(Ergänzung: Diese Gedanken habe ich bearbeitet und weiter ausgeführt im Buch „Improvisationstheater. Band 8: Gruppen, Geld und Management


Keith Johnstone, dem wir einige großartige Techniken und Faustregeln im Improtheater verdanken, bemerkte bei einigen Trainings, dass seine Schüler dazu neigten, zu viele Fragen zu stellen, um selbst nicht definieren zu müssen. Statt nun seinen Schülern das Fragen zu verbieten, ging er der Sache auf den Grund: Was geschieht, wenn wir eine Szene spielen, in der nur Fragen erlaubt sind? Damit erfand er nicht nur einen Klassiker unter den Impro-Spielen, sondern zeigte, wie man mit kreativ mit solchen Problemen umgehen kann – man schafft sich einfach eine kontra-intuitive Regel, die einen schließlich befreit. Wer das Spiel „Nur Fragen“ je gespielt hat, wird lernen, was für Fragen konstruktiv sind und wie man mit unkonstruktiven Fragen konstruktiv umgehen kann.
Es lohnt sich ungeheuer, die Regeln und Lehrsätze, mit denen man im Laufe seiner Impro-Ausbildung konfrontiert wurde, gegen den Strich zu bürsten.

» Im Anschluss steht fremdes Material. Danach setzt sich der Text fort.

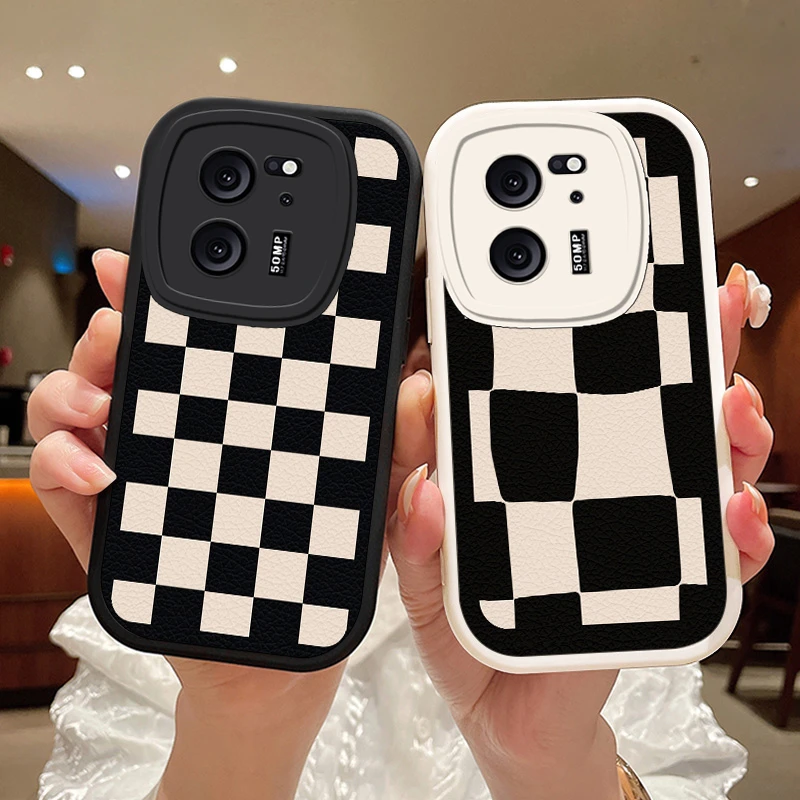 黑白格适用红米K60至尊版手机壳RedmiK60至尊女款高级保护套硅胶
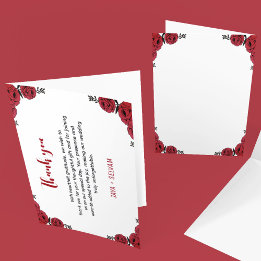 Carte De Remerciements Rouge Rose Floral thème Mariage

  • Was geschieht, wenn wir nicht Zug um Zug spielen, sondern ein Spieler extrem lange Passagen hat, während der andere fast gar nichts sagt? Oder wenn beide Spieler sich andauernd ins Wort fallen?
  • Was geschieht, wenn wir nicht Ja sagen, sondern ein Spieler so oft wie möglich verneint? 
  • Was geschieht, wenn wir Szenen nicht positiv starten?
  • Was geschieht, wenn sich einer der Spieler nicht verändert.

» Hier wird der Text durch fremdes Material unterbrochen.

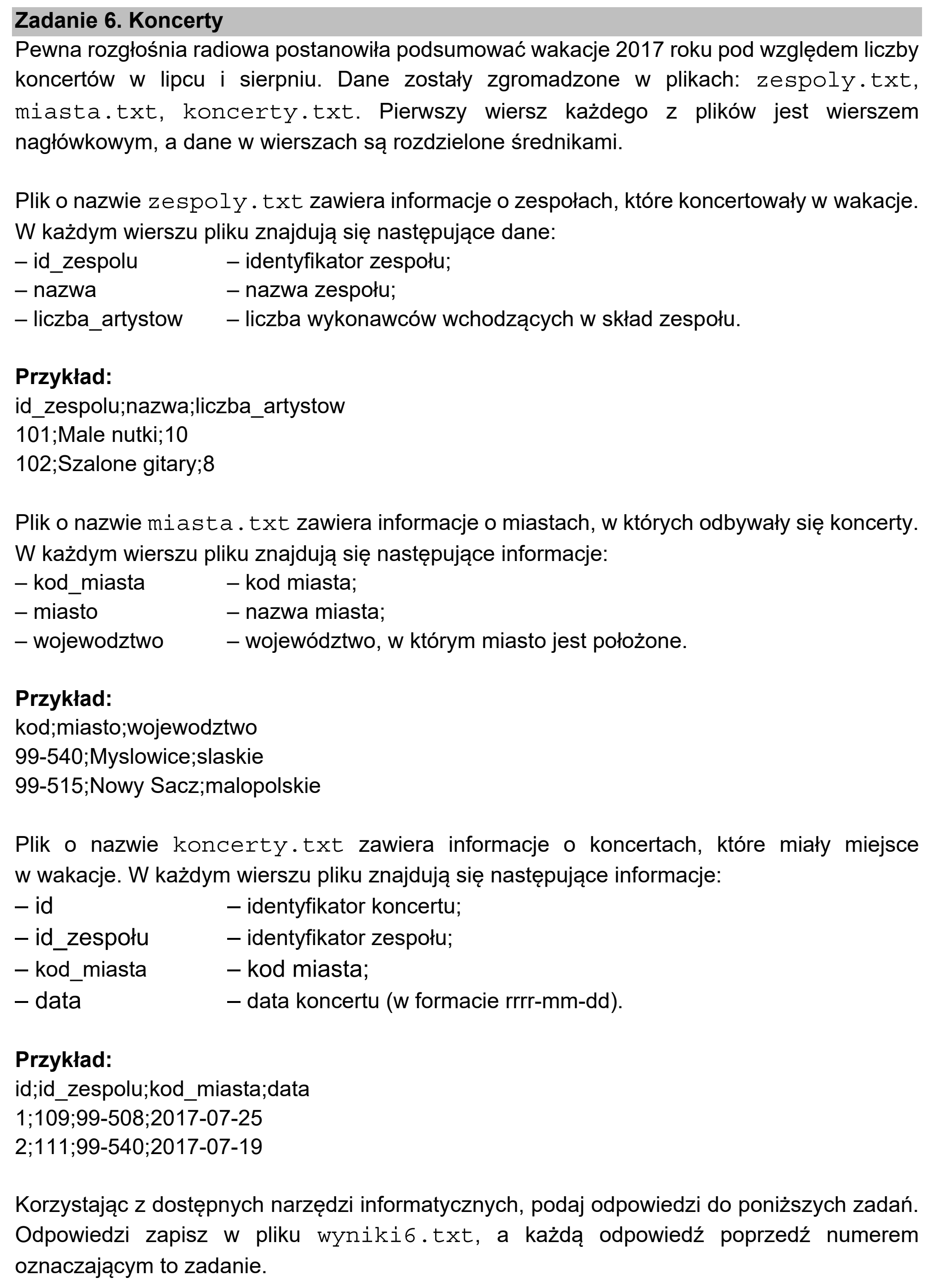 Matura dodatkowa, czerwiec 2021, wstęp zadania 6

Es liegt nahe, diese Experimente vornehmlich im geschützten Proben-Setting auszuprobieren und mal diesen, mal jenen Parameter zu verändern: Was geschieht, wenn beide Spieler negativ sind? Was geschieht, wenn nur einer negativ ist usw.?
In den meisten Impro-Gruppen gibt es auch unterschwellige Regeln oder Glaubenssätze, die sich im Laufe der Jahre herausgebildet haben und nur selten hinterfragt werden. Hier ein paar Beispiele solcher Regeln.

  • Obszöne Vorschläge aus dem Publikum wie „Bahnhofsklo“ oder „Pornodarstellerin“ sind freundlich abzulehnen.
  • In der ersten Hälfte der Show müssen Games gespielt werden, damit man in der zweiten Hälfte den Zuschauern eine Langform zumuten kann.
  • Verkaufs-Szenen oder Unterrichts-Szenen sind unbedingt zu vermeiden.
  • Eine Impro-Show braucht ein Warm-Up.
  • In der ersten Minute müssen das Wer, das Wo und das Was etabliert werden.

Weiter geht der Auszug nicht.